CONGRATULATIONS and THANKS for meeting the 50-comment challenge on Thursday’s post about what to eat or drink after your workout.

It was great to find out what many of you are refueling your bodies with after a workout. Overall, a lot of your “meals” are pretty good. They definitely gave me some more ideas.

As promised, for meeting the 50-comment challenge, I have another amazing workout nutrition video for you today. This video deals with ALL aspects of PRE- and POST-workout eating.

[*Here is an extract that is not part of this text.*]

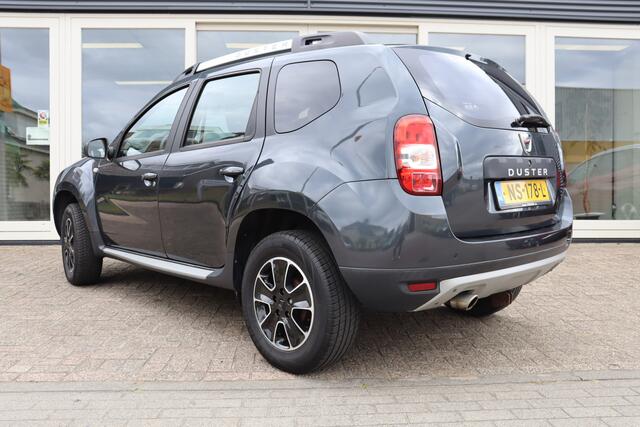 Dacia DUSTER 1.2 TCe 4x4 Blackshadow, Airco, Cruise, Camera A, PDC A, Navi, Trekhaak, Prijs Is Rijklaar Inclusief 6 Maanden Garantie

So, you’re going to get the “low down” on what to eat before and after your workouts and which food sources are your best friends when it comes to carbs, proteins, and healthy fats.

Watch the video here…

But wait, there’s more!

I also mentioned that I would share 3 of my favourite post-workout recipes with you as well.

And here’s a little secret…

You can actually use these as your pre-workout meals/snacks as well!

Yuri’s “All Natural” Sports Drink

This is my “go-to” sports drink after a sweat fest in the gym, outside, or after a game. It tastes better than the Gatorade and doesn’t have all the nasty dyes.

To prepare, just mix everything together in a glass.

500 ml water
2-3 tbsp pure maple syrup
Juice of 1/2 lime
Juice of 1/2 lemon
Pinch of sea salt

The Ultimate Green Smoothie

Post-workout smoothies just don’t get any better than this. It’s got everything you need – and more!

To prepare, just throw everything in a blender and give it a whirl!

1 apple
1 banana
3-4 leaves of kale, stemmed
1 handful of spinach
1 tbsp spirulina
1 tbsp fish oil
1 tbsp hemp seeds
1 tsp maple syrup or agave
Juice of 1 lime
500 ml water

Best Oatmeal Ever!

A more substantial meal for 3-4 hours before or 1-2 hours after your workout, this oatmeal contains all the good stuff – starchy carbs, great protein, and healthy fats.

To prepare, once oatmeal has been sufficiently cooked, add diced apples and cinnamon. Stir for 2-3 minutes. Serve into a bowl and mix in nut butter, flax seed oil/seeds, maple syrup/agave. Stir and enjoy!

1/2 cup steel cut oats, boiled and simmered to liking
1 apple, diced
1 tbsp cinnamon
1-2 tbsp maple syrup or agave
1 tbsp nut butter (preferably raw organic)
1 tbsp ground flax seed
1 tbsp flax seed oil

There you go guys…

3 delicious and healthy workout recipes ranging from immediate refueling to more substantial, satiating meals.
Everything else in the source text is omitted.